[Start of section]

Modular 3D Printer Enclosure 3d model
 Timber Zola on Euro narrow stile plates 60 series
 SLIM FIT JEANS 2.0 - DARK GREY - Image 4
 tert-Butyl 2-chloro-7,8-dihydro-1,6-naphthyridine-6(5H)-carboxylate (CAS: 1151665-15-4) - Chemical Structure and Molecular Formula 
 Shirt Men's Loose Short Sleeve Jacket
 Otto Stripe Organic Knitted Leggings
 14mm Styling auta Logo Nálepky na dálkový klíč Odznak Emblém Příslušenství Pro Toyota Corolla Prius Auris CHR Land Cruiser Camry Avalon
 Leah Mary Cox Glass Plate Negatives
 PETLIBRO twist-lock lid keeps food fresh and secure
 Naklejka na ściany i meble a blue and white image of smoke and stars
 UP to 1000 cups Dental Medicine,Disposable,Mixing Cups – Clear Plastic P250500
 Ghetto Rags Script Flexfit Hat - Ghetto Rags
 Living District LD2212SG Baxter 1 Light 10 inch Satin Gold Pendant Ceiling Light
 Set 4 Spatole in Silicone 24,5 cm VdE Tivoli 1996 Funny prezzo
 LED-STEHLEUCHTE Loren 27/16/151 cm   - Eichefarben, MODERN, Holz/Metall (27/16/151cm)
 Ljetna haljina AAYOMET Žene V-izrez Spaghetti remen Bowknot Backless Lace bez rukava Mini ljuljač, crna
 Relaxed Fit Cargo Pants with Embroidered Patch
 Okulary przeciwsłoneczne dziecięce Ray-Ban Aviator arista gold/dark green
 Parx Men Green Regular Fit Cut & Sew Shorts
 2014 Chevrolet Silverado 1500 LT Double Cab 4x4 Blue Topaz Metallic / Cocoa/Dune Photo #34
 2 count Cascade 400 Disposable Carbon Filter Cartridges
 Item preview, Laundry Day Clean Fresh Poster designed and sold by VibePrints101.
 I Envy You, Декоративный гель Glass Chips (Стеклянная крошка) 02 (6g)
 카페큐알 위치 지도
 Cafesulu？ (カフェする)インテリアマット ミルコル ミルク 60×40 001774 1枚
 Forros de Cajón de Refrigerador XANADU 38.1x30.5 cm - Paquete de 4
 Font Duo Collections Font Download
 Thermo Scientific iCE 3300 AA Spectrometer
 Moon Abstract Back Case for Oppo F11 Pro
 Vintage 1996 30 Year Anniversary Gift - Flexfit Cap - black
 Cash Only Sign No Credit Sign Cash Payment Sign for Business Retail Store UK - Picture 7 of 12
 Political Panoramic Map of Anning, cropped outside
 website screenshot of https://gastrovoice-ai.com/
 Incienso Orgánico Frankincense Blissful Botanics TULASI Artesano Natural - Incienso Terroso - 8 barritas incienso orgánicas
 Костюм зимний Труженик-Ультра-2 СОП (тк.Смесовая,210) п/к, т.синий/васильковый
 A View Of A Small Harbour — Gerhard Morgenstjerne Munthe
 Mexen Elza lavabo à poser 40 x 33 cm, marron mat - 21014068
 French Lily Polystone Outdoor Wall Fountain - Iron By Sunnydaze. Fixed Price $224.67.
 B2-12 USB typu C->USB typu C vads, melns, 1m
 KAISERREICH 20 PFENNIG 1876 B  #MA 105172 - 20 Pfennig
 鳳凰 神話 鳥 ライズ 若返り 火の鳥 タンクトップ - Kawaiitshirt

[End of section]

• _What to produce_
Working from the records above, write out verbatim only the lines from the line containing "Timber Zola on" through the line containing "PETLIBRO twist-lock lid".

• _Response to the exercise_
 Timber Zola on Euro narrow stile plates 60 series
 SLIM FIT JEANS 2.0 - DARK GREY - Image 4
 tert-Butyl 2-chloro-7,8-dihydro-1,6-naphthyridine-6(5H)-carboxylate (CAS: 1151665-15-4) - Chemical Structure and Molecular Formula 
 Shirt Men's Loose Short Sleeve Jacket
 Otto Stripe Organic Knitted Leggings
 14mm Styling auta Logo Nálepky na dálkový klíč Odznak Emblém Příslušenství Pro Toyota Corolla Prius Auris CHR Land Cruiser Camry Avalon
 Leah Mary Cox Glass Plate Negatives
 PETLIBRO twist-lock lid keeps food fresh and secure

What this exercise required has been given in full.